--- SOURCE INFORMATION ---
----
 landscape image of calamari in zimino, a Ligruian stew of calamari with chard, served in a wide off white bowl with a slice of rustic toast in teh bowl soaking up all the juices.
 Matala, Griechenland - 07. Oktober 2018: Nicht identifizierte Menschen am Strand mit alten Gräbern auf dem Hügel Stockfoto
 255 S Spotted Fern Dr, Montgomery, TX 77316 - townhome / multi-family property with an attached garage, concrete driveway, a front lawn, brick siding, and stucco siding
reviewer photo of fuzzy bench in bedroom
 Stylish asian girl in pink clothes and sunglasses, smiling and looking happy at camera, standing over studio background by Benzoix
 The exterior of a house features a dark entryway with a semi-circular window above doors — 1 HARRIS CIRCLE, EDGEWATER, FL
----
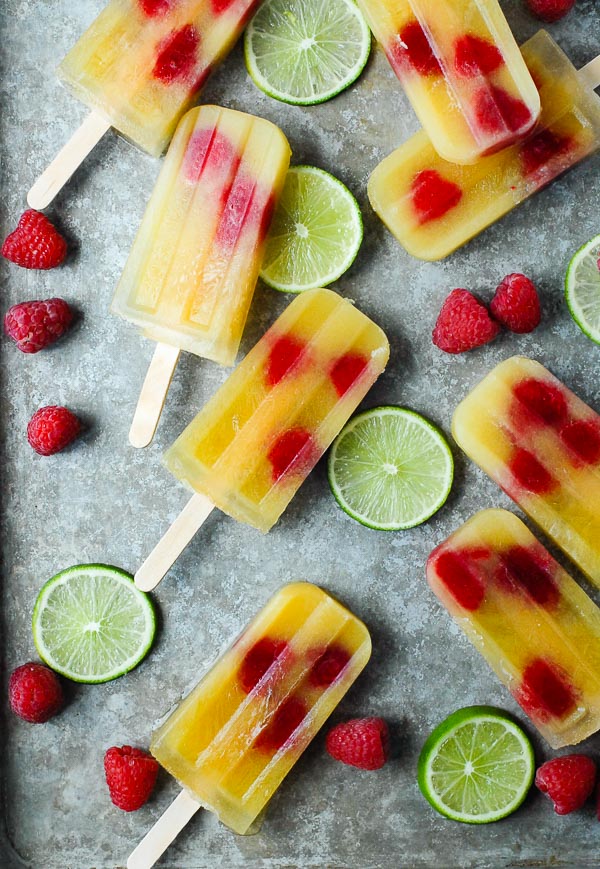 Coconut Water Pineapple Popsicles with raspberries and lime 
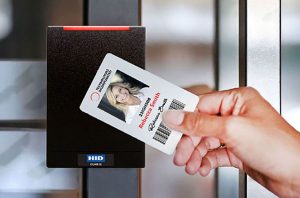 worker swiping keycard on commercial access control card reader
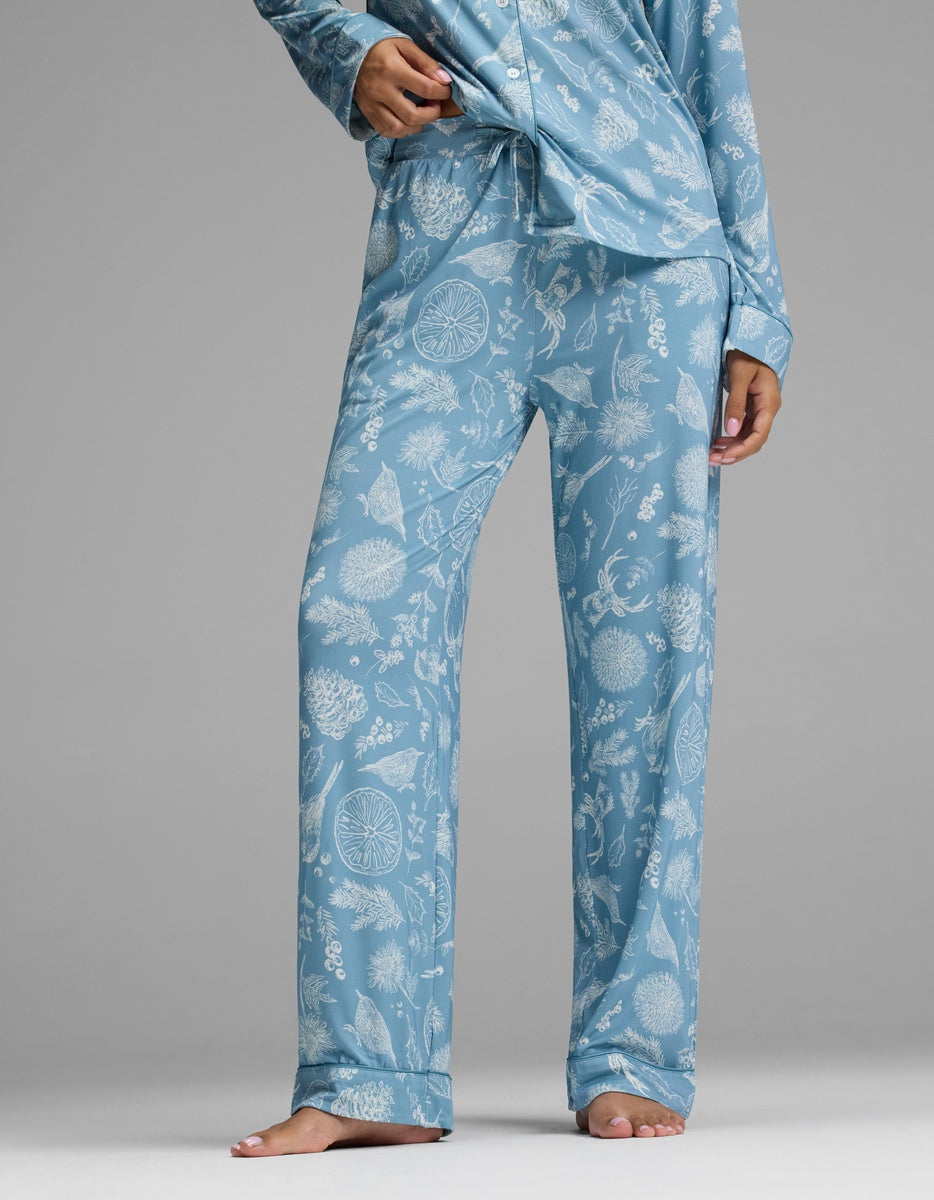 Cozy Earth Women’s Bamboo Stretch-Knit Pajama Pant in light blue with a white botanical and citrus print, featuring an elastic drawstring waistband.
----
--- TASK OBJECTIVE ---
All that should be written out is the stretch of lines above between the one holding "Matala, Griechenland - 07." and the one holding "Stylish asian girl", inclusive, exactly as given.

--- OUTPUT OF THE TASK ---
 Matala, Griechenland - 07. Oktober 2018: Nicht identifizierte Menschen am Strand mit alten Gräbern auf dem Hügel Stockfoto
 255 S Spotted Fern Dr, Montgomery, TX 77316 - townhome / multi-family property with an attached garage, concrete driveway, a front lawn, brick siding, and stucco siding
reviewer photo of fuzzy bench in bedroom
 Stylish asian girl in pink clothes and sunglasses, smiling and looking happy at camera, standing over studio background by Benzoix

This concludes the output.